§ **EXERCISE INSTRUCTIONS**: The lines below, from the one holding "25 Quart Clear" through the one holding "Smart Saving and", are to be restated word for word, with all images left out.

§ **DATA TO PROCESS**:
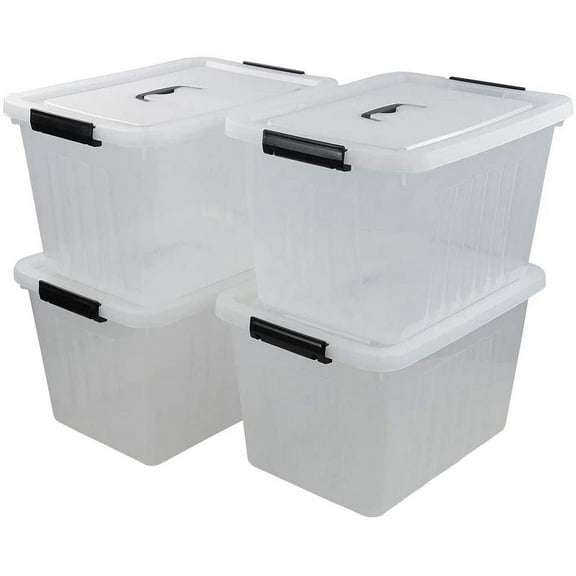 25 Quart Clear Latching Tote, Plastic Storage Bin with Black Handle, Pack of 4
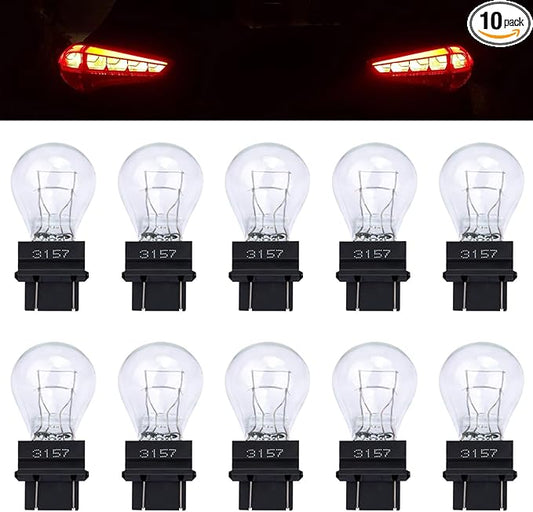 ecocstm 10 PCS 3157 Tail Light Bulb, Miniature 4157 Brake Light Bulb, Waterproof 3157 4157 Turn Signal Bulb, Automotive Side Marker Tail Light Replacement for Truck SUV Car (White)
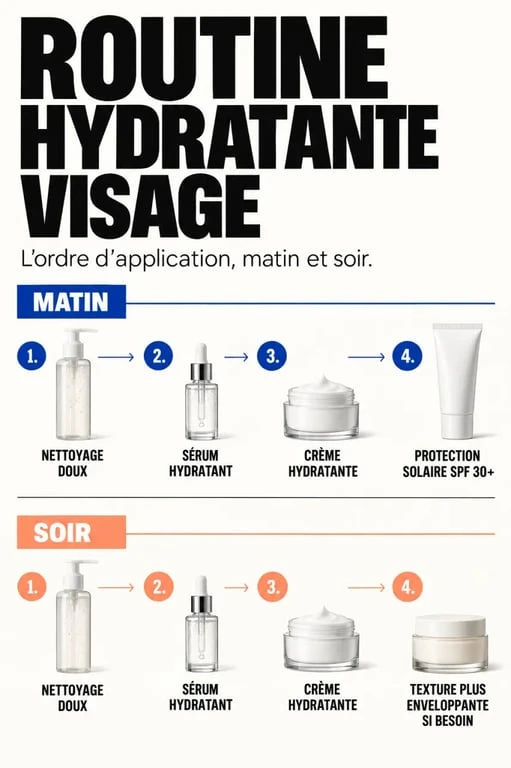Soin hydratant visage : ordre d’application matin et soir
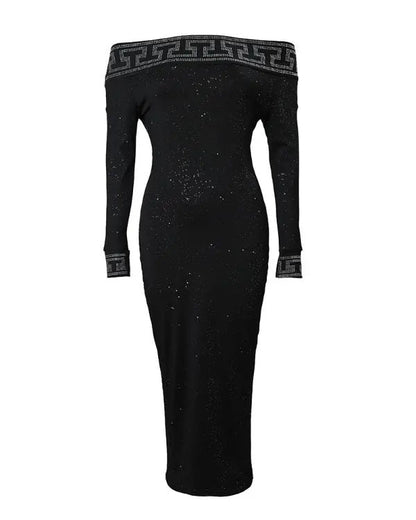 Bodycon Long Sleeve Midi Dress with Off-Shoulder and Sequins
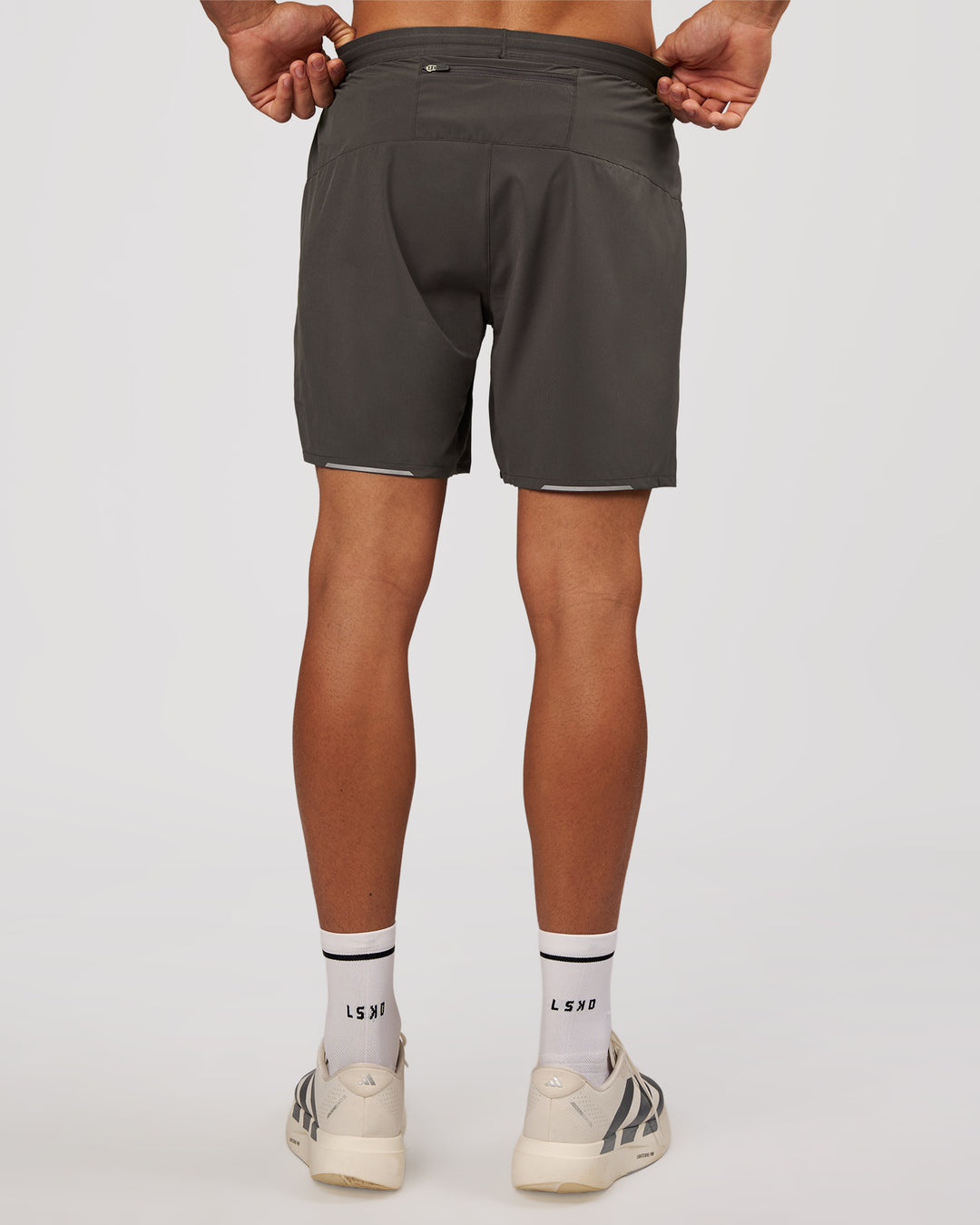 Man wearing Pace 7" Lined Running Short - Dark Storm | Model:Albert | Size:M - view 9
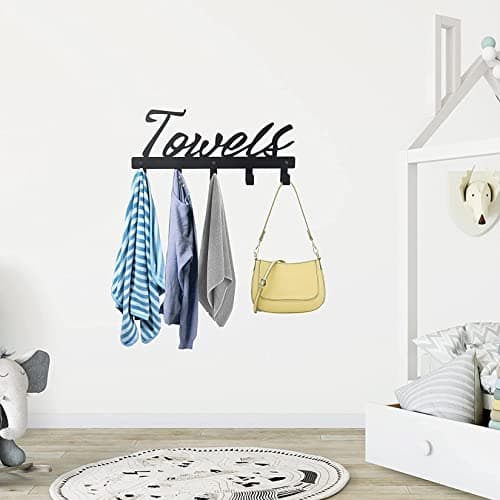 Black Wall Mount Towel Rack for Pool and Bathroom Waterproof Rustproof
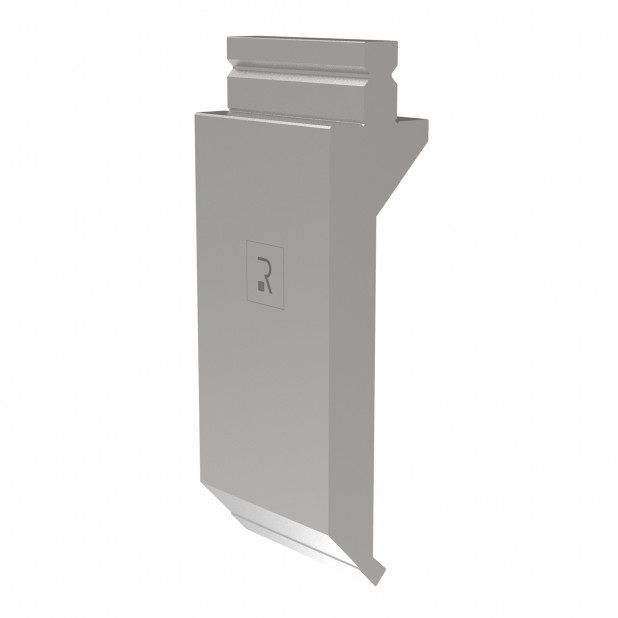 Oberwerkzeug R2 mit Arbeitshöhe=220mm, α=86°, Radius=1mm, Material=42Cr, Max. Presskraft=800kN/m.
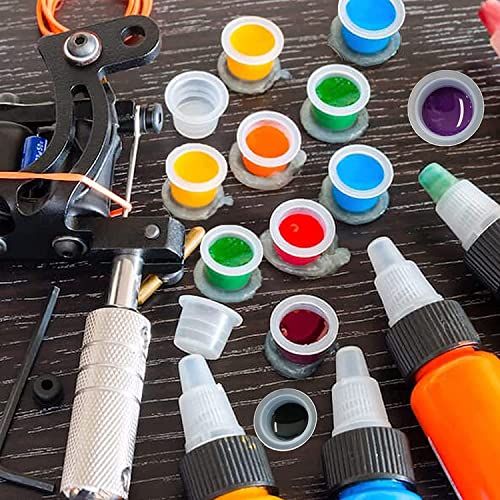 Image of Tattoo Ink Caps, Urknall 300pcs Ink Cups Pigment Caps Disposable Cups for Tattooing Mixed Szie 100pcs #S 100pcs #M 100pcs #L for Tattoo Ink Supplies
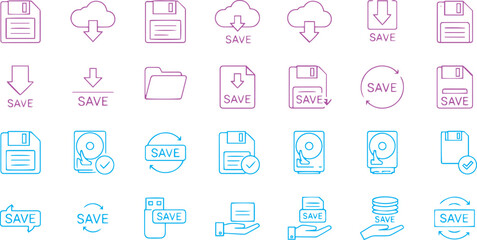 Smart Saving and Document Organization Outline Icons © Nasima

==

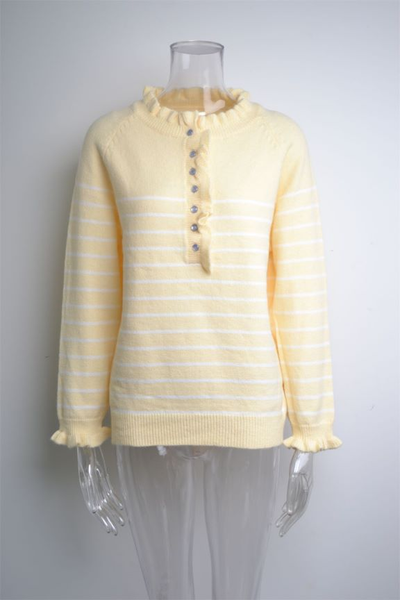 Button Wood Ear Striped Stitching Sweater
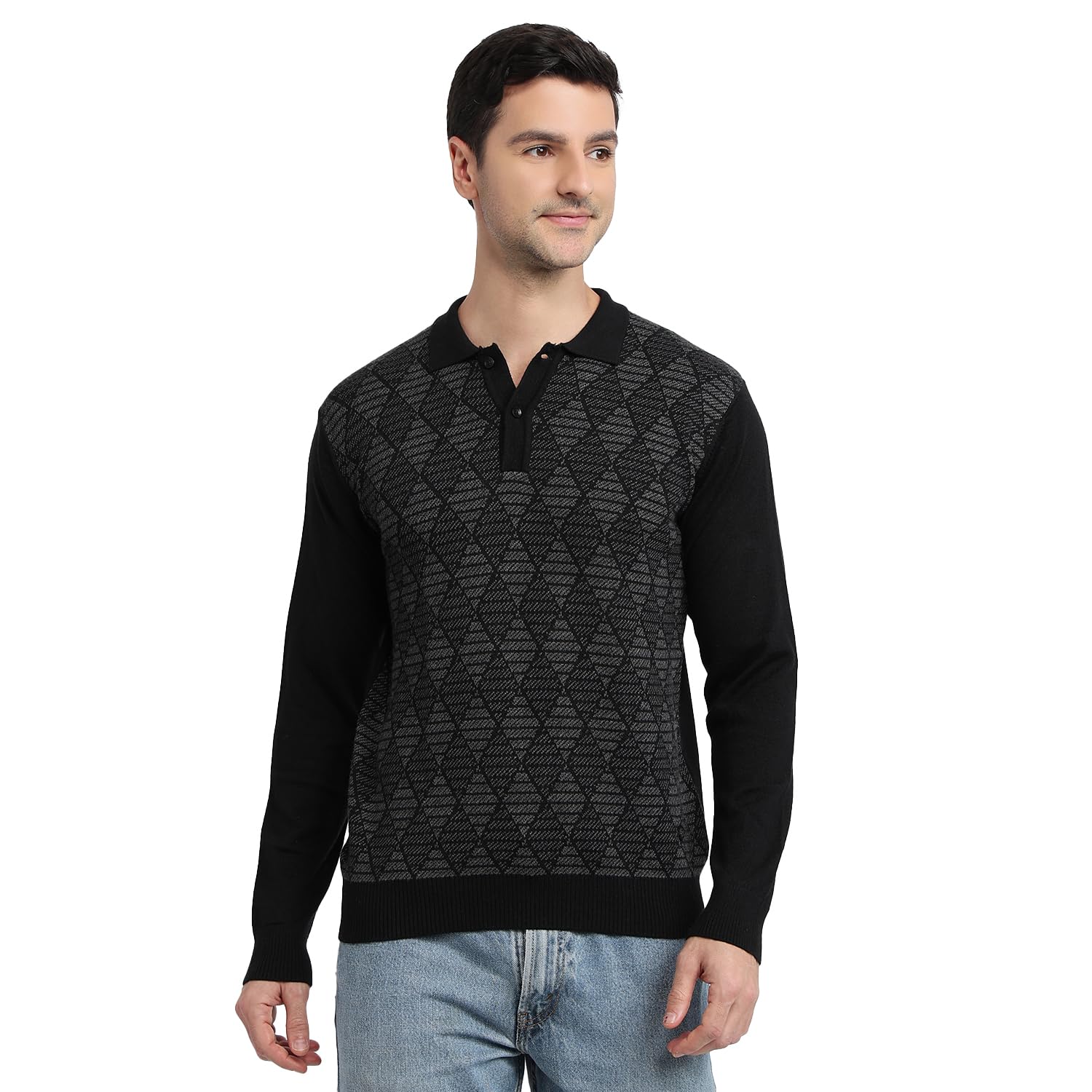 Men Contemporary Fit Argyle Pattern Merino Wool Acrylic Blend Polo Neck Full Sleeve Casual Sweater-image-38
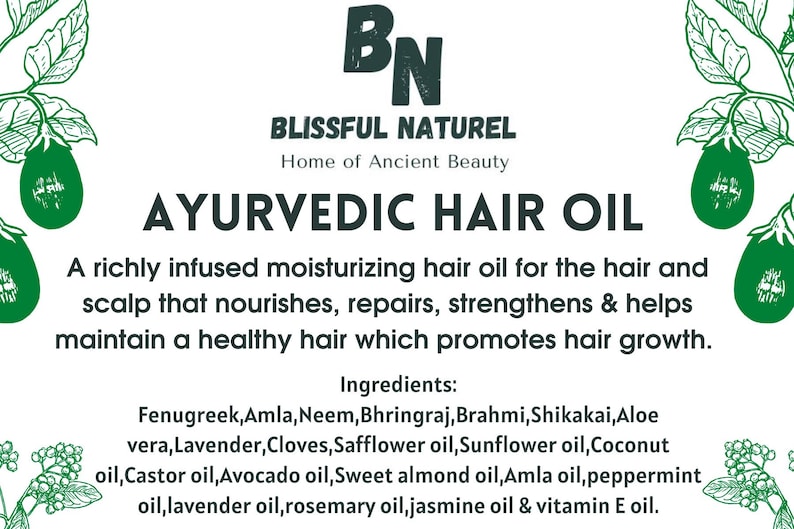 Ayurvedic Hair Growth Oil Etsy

...

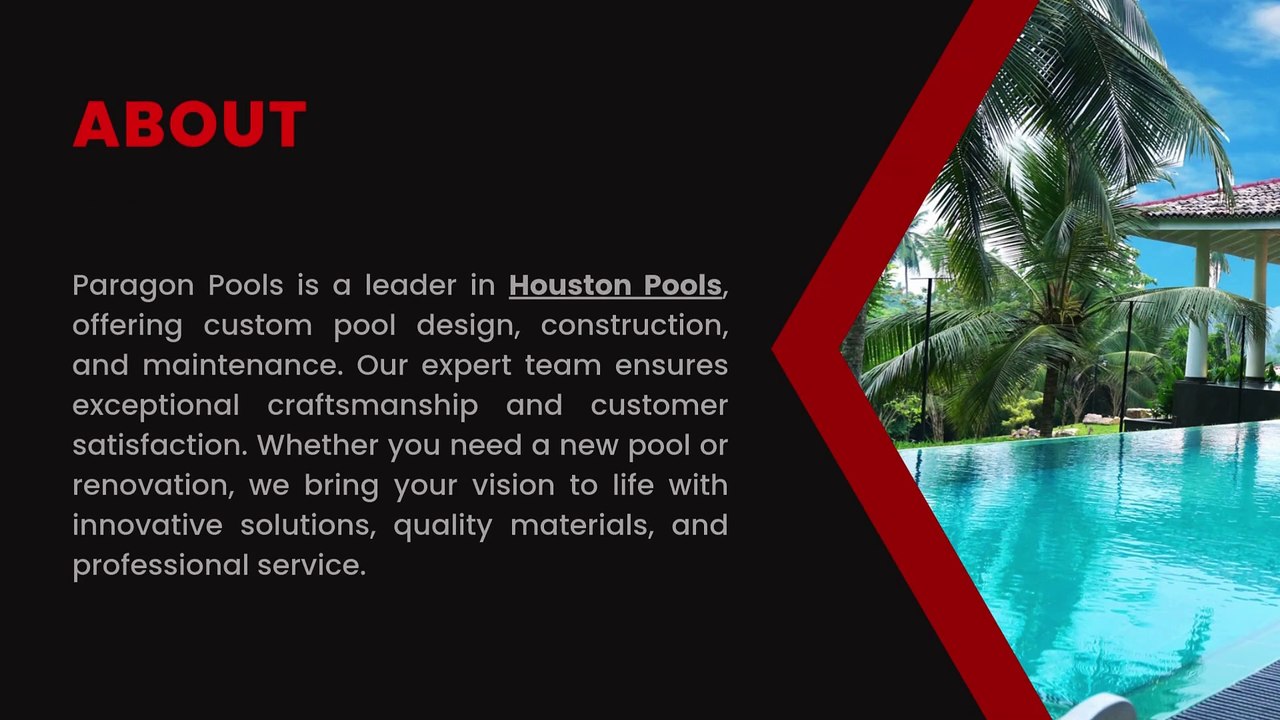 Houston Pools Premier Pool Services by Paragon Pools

§ **OUTPUT FOR THIS EXERCISE**:
 25 Quart Clear Latching Tote, Plastic Storage Bin with Black Handle, Pack of 4
 ecocstm 10 PCS 3157 Tail Light Bulb, Miniature 4157 Brake Light Bulb, Waterproof 3157 4157 Turn Signal Bulb, Automotive Side Marker Tail Light Replacement for Truck SUV Car (White)
Soin hydratant visage : ordre d’application matin et soir
 Bodycon Long Sleeve Midi Dress with Off-Shoulder and Sequins
 Man wearing Pace 7" Lined Running Short - Dark Storm | Model:Albert | Size:M - view 9
 Black Wall Mount Towel Rack for Pool and Bathroom Waterproof Rustproof
 Oberwerkzeug R2 mit Arbeitshöhe=220mm, α=86°, Radius=1mm, Material=42Cr, Max. Presskraft=800kN/m.
 Image of Tattoo Ink Caps, Urknall 300pcs Ink Cups Pigment Caps Disposable Cups for Tattooing Mixed Szie 100pcs #S 100pcs #M 100pcs #L for Tattoo Ink Supplies
 Smart Saving and Document Organization Outline Icons © Nasima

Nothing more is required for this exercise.